Comment Re:Mistake to go in with the Ruskies (Score 1) 155

we got involved in the ISS ages ago. First plans were in the 80s and Russia got involved in 1993 (first piece went up in 1998). And frankly, we are only not seriously talking about decommissioning the ISS because it ran so far over schedule. It should have been at end life before the shuttles.

Comment Re:Whoa 1.3x (Score 1) 636

just wondering, what in the world could you possibly be doing that was originally designed at 1/100,000th of optimal and relevant?

I mean, I've done this before. I had to generate all the legit ticker symbols for derivatives on futures, and just to understand the rules I wrote code for that.
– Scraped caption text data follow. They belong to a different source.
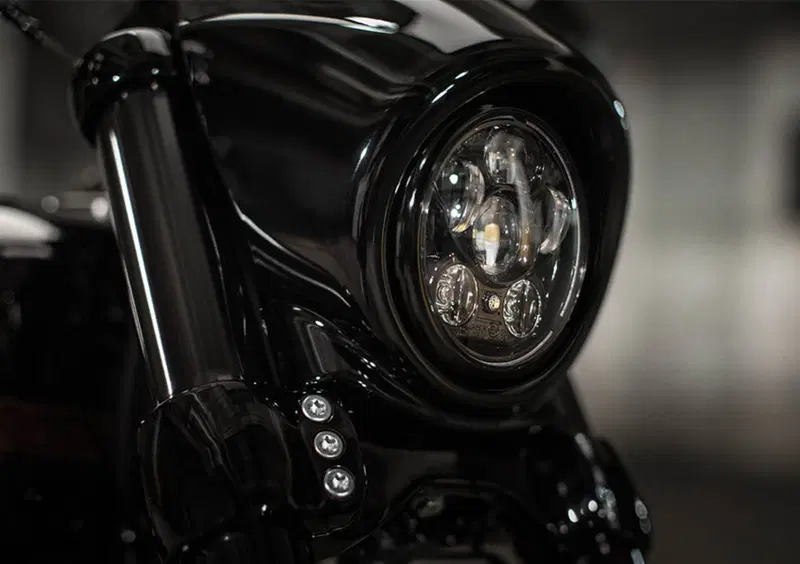 Harley-Davidson CVO - Custom Vehicle Operations 1800 Breakout Pro Street (2016 - 17) - FXSBSE (5)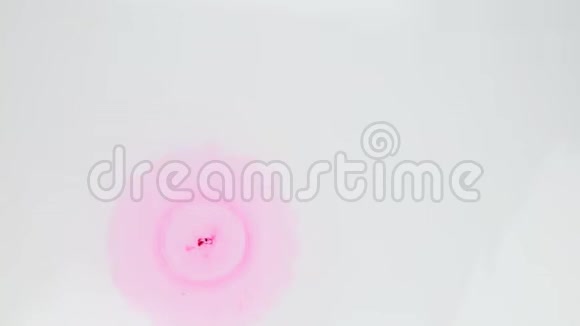 粉红色的水滴滴在白水里俯视摘要视频的预览图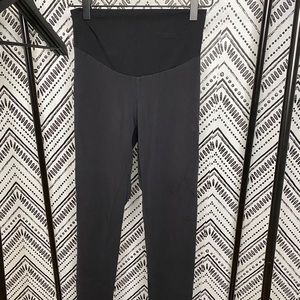 Maternity leggings black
Now, I could have built a config file from that code that would have sped up the "generation" portion by 10,000x I'm sure. But the thing is, all it cost me was about 3 seconds on initialization of a process that required about 10 minutes to run. So for me, I didn't care as optimization in the guts of the calculations I was doing were far more important (i.e. at one point I was able to take the run time down from 20 minutes to 15 minutes earn on in dev, which was only a 50% speed increase on the relevant section, but far more important than a 10000x speed up on the ticker generation).

Comment Re:A Formula only an Actuary could Love (Score 1) 422

any half decent coder would have broken it up into 20 different cells, probably something like DA-->DT with meaningful column names and a comment in each one and then combine it together way over on the left for whatever you want to see........

But you can do the exact same thing in python and I see it all the time, where people get lazy (oh wait, there is some minuscule savings of milliseconds, so it's worth it....) and put into one line what would be a lot more nicely done across several.

Luckily excel makes it nice and easy to segment the nested code as it highlights which parens tie out to other parens. So I can fix the crappy nesting that my juniors would write for me and then tell them if they want to keep their job they won't make me waste time making their tools readable and maintainable.